The Lakers believe in load management — resting stars to keep them fresh. The Wolves' coaching staff and players believe in playing. No Wolves were given the night off on Thursday, even though they played a difficult game in Philadelphia on Wednesday night.

"We wanted to try to create an identity, and wanted that to be part of our identity," Finch said. "I think it leads to resilience, mental toughness, the ability to bounce back."

Thursday night, the Wolves announced that this game had produced the largest revenue of any game in franchise history.

"Ticket prices are higher than ever," Wolves coach Chris Finch said with a smile. "No, it's been fun. It's fun to watch you grow year over year. It's been exciting, and now we're getting consistent results. People like to watch this team play, which is what we always set out to do — you know, give them a product that they like, and appreciate. We certainly appreciate their support."

Give the Lakers credit: they summoned enough energy to win the NBA's inaugural in-season tournament.
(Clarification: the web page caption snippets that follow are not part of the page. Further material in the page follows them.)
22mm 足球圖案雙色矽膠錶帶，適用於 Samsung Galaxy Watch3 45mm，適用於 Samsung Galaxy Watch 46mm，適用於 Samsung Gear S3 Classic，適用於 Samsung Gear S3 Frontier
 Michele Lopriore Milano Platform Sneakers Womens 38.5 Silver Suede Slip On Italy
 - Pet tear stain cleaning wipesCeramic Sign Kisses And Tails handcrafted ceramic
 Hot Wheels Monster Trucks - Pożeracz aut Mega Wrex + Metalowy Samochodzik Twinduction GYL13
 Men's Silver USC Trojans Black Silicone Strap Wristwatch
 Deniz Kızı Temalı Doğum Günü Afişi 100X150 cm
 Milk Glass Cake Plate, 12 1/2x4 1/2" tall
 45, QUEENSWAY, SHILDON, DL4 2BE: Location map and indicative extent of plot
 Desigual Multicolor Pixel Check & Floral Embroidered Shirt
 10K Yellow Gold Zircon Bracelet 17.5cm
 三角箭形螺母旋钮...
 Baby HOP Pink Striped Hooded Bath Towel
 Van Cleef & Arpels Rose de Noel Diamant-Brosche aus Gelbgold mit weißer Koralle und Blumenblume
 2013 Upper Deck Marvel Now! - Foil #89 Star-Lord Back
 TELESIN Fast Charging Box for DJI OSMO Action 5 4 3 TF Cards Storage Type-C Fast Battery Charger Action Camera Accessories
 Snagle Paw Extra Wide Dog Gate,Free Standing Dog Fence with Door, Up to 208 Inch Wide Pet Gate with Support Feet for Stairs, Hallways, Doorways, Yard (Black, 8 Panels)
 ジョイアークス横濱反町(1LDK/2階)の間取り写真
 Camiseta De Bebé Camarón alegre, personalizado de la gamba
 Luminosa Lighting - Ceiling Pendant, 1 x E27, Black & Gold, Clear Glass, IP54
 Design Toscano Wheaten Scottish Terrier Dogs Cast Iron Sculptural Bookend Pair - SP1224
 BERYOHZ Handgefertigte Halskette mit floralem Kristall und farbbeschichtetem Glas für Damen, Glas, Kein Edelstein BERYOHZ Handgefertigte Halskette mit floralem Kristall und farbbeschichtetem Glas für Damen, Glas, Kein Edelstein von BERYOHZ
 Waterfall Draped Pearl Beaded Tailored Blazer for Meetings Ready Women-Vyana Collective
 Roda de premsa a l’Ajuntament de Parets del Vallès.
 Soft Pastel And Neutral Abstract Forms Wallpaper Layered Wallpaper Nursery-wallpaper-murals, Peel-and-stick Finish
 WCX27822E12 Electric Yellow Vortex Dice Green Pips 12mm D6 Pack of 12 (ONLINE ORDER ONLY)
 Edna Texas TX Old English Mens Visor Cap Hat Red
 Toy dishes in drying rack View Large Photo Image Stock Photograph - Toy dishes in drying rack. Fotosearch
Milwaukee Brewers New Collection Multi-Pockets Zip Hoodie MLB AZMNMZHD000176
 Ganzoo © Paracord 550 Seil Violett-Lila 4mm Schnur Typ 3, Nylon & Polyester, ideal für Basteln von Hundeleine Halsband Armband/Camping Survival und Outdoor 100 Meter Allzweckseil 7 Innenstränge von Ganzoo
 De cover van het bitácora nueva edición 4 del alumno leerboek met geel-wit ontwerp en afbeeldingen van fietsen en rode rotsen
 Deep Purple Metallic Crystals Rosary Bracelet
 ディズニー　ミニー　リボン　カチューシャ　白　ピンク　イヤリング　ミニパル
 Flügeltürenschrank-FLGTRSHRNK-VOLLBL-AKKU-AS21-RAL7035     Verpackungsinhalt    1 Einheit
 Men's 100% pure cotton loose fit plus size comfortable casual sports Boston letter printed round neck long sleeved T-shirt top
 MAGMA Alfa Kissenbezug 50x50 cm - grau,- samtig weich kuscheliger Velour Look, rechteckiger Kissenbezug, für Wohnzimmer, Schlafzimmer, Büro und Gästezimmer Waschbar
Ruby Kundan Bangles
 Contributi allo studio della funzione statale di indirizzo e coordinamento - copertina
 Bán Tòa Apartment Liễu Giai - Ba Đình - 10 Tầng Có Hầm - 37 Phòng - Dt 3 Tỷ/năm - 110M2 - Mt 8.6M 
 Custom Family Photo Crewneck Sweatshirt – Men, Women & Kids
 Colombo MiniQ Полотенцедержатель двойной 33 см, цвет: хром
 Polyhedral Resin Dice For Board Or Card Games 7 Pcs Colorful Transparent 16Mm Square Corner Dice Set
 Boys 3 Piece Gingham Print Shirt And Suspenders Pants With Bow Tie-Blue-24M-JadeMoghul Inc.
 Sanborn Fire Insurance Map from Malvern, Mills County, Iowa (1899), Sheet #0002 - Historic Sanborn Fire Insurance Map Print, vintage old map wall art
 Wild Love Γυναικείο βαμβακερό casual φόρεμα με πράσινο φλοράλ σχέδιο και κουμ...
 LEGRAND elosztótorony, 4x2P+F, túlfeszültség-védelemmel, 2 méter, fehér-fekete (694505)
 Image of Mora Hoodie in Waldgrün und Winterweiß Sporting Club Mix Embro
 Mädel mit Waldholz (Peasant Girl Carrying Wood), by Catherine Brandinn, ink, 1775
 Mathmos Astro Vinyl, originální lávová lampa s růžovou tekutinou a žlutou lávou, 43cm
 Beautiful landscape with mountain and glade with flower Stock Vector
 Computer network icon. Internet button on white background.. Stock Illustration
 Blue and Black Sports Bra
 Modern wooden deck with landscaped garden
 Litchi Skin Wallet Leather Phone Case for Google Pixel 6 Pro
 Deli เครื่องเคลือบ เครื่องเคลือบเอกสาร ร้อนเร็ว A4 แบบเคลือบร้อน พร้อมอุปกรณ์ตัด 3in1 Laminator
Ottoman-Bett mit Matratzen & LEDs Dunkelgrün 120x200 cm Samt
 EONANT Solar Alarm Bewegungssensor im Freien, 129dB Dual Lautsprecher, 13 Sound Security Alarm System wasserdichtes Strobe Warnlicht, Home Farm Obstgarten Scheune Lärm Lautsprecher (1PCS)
Lakers coach Darvin Ham said his team is still recovering from that ordeal, and a difficult travel schedule, which sounds like an excuse beneath such a rich and ambitious franchise.

Add in the Wolves' 118-111 victory Thursday night, and just 63 years after the Lakers left Minneapolis, Minnesotan basketball fans can finally say they have the better team, without laughing or crying.

Correction: A previous version of this column misspelled the first name of Lakers coach Darvin Ham.